Düşme, iş ya da trafik kazası sonucunda insanın bir veya bir kaç kemiği çeşitli yerlerinden kırılmış olabilir. Kırıkların tabiî bir şekilde kaynaması için, kırık kısımların düzgün bir biçimde birbirine bitiştirilmesi ve belli bir süre hareketsiz tutularak tedavi edilmesi gerekir.
Bir kırığın hafif ya da ağır olması, kırılan kemiğin iskeletteki yerine ve kemiğin kırılma biçimine bağlıdır; hafif çatlak, tam kırık, deriyi yırtan (açık kırık) ya da yırtmayan çok parçalı kırıklar olmak üzere birçok kırık çeşidi vardır.

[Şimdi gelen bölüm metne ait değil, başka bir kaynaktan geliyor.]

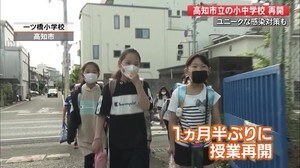 ユニークな感染対策も 高知市立の小中学校が学校再開【高知】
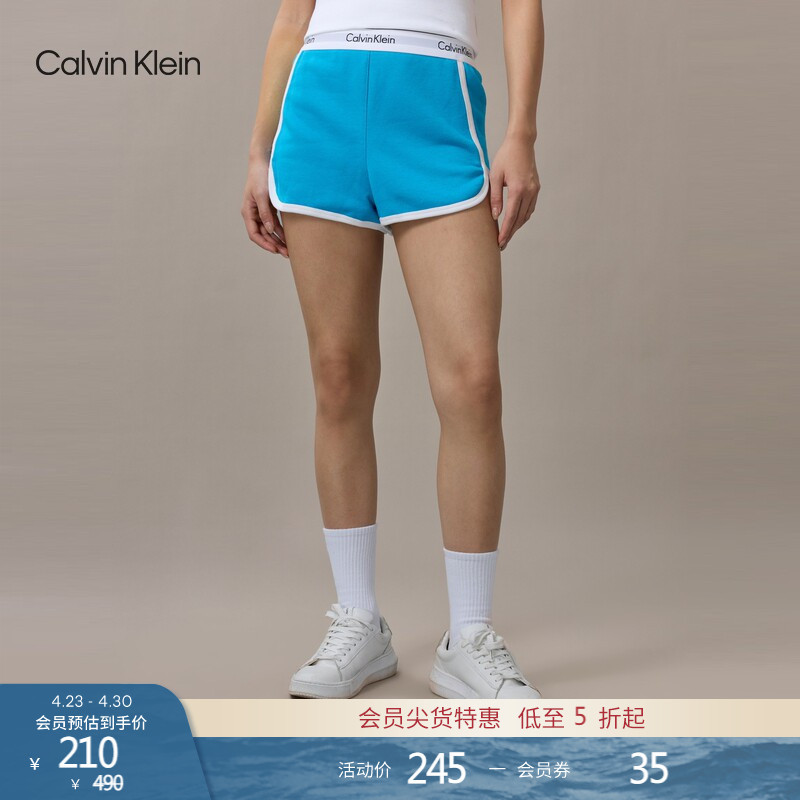 【Modern Gravity Belt】Ck Underwear Summer Women's Jacquard Home Wearable Sleep Shorts Hot Girl Sports Shorts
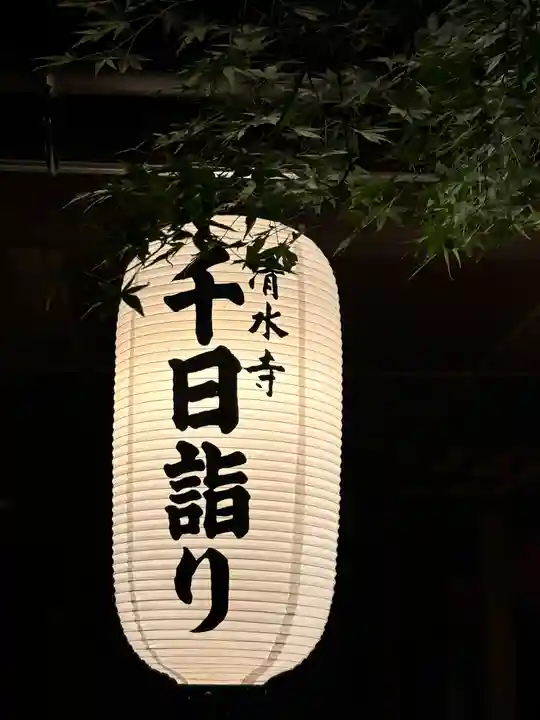 清水寺(京都府)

En tehlikeli kırıklar omurga kemiği kırıklarıdır. Bu tür kırıklarda sinirleri ve omuriliği zedelememek için yaralının dikkatle taşınması ve hiç hareket ettirilmemesi gerekir.

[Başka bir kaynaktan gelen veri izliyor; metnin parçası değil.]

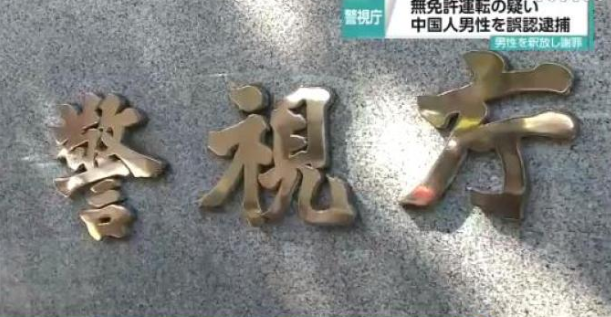日本警视厅错抓中国籍男子事件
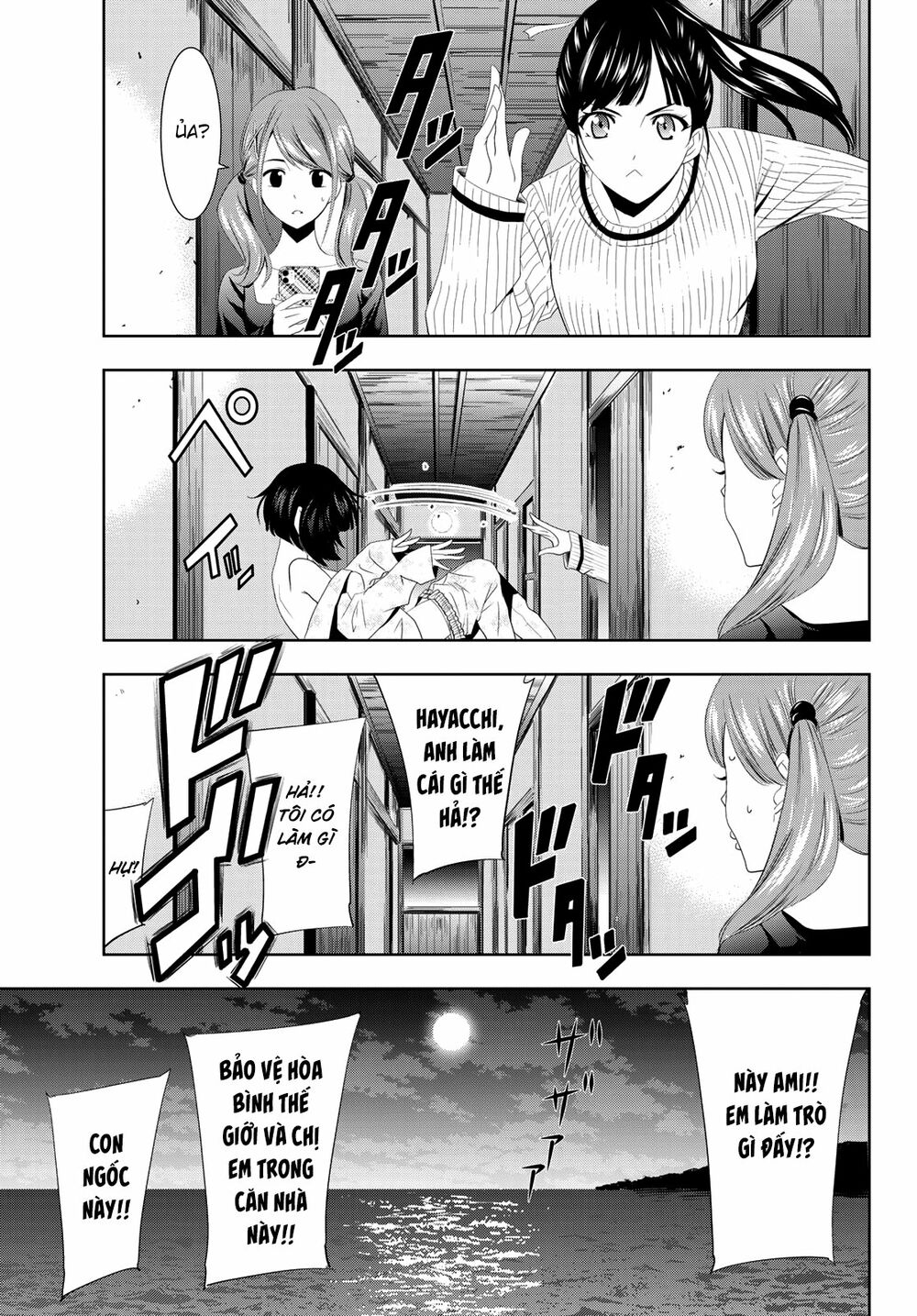 Quán Cà Phê Nữ Thần Chapter 1 - Trang 40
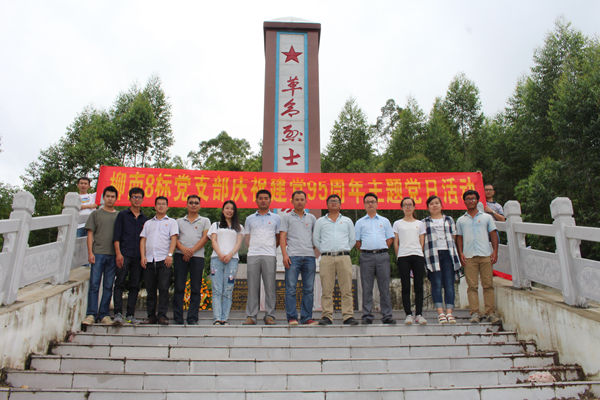 尊龙凯时人生就是搏·(中国区)官方网站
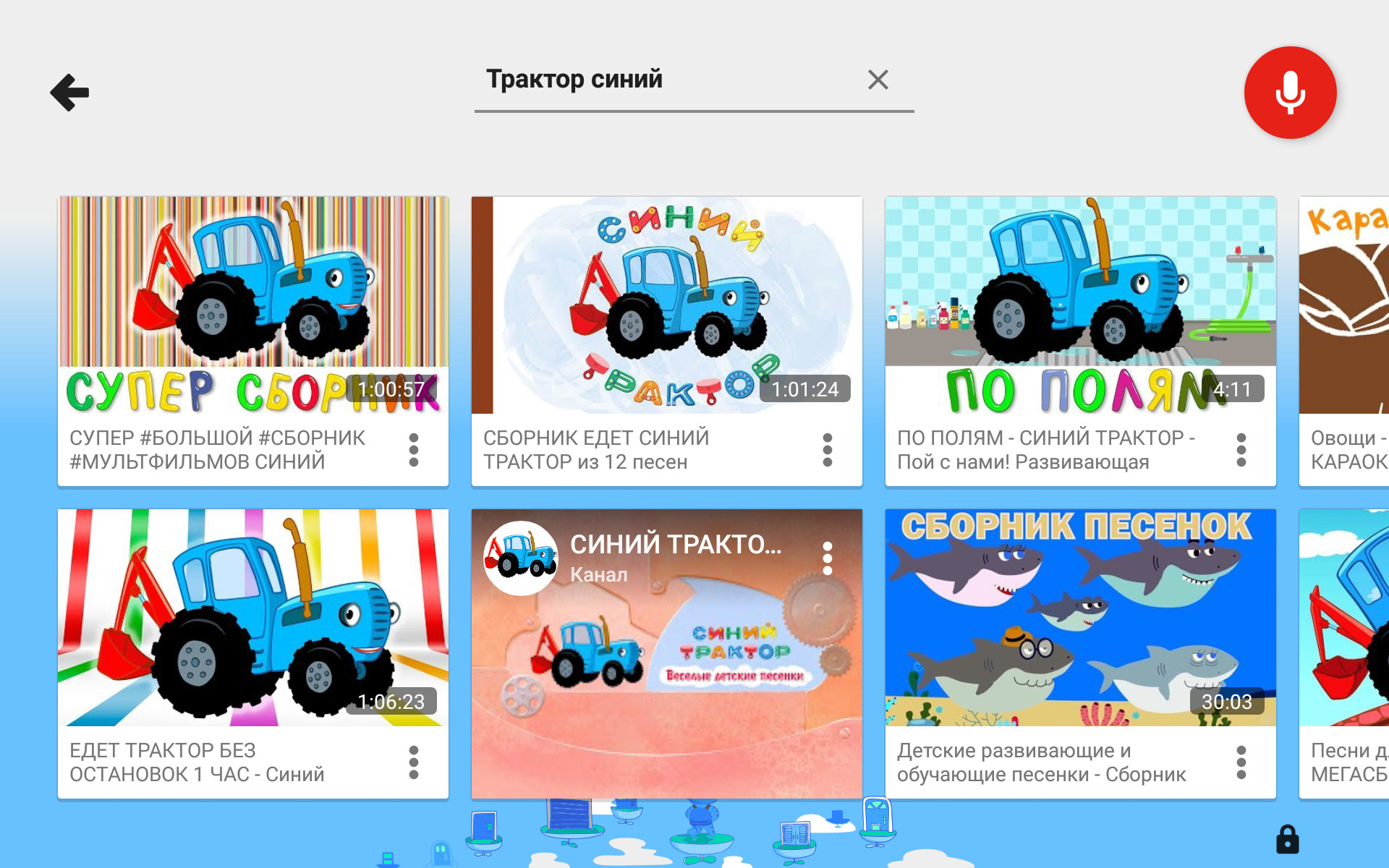 youtube-kids-ukraine-launch-5.jpg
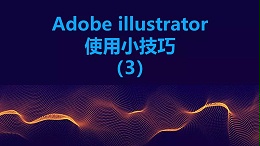 联乐小课堂 Adobe illustrator使用小技巧（3）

Hekim ya da cerrah, kırılan kemikleri uç uca bitiştirdikten sonra, kırığın olduğu bölgeyi tahta parçaları arasına ya da alçıya alarak hareketsizleştirir. Bu işlemin başlıca amacı kemiklerin kendiliğinden kaynamasını sağlamaktır. Daha önemli vakalarda cerrahın ameliyat yaparak, kırık kemikleri vida ya da çivi yardımıyla birleştirmesi gerekir.
Ancak, kırıklarla çıkıkları birbirine karıştırmamak gerekir. Çıkık, bir çarpma ya da bir düşme sonucunda bazı kemiklerimizin eklemlerinden kaymasıdır. Omuz (100 olayda 50) ve dirsek (100 olayda 25) çıkması en çok rastlanan çıkık olaylarındandır. Böyle durumlarda kol ya da bacak, eklem yerinden ayrılıp sallanmaya başlar, hekim kemiği yerine yerleştirmek için kol ya da bacağı gövdeye doğru çeker ve böylece çıkığı tedavi edebilir. Kemiğin iyice yerine oturup yerleşmesi için çıkık kol ya da bacağın kırıkta olduğu gibi bir süre hareketsiz tutulması ve kullanılmaması gerekir.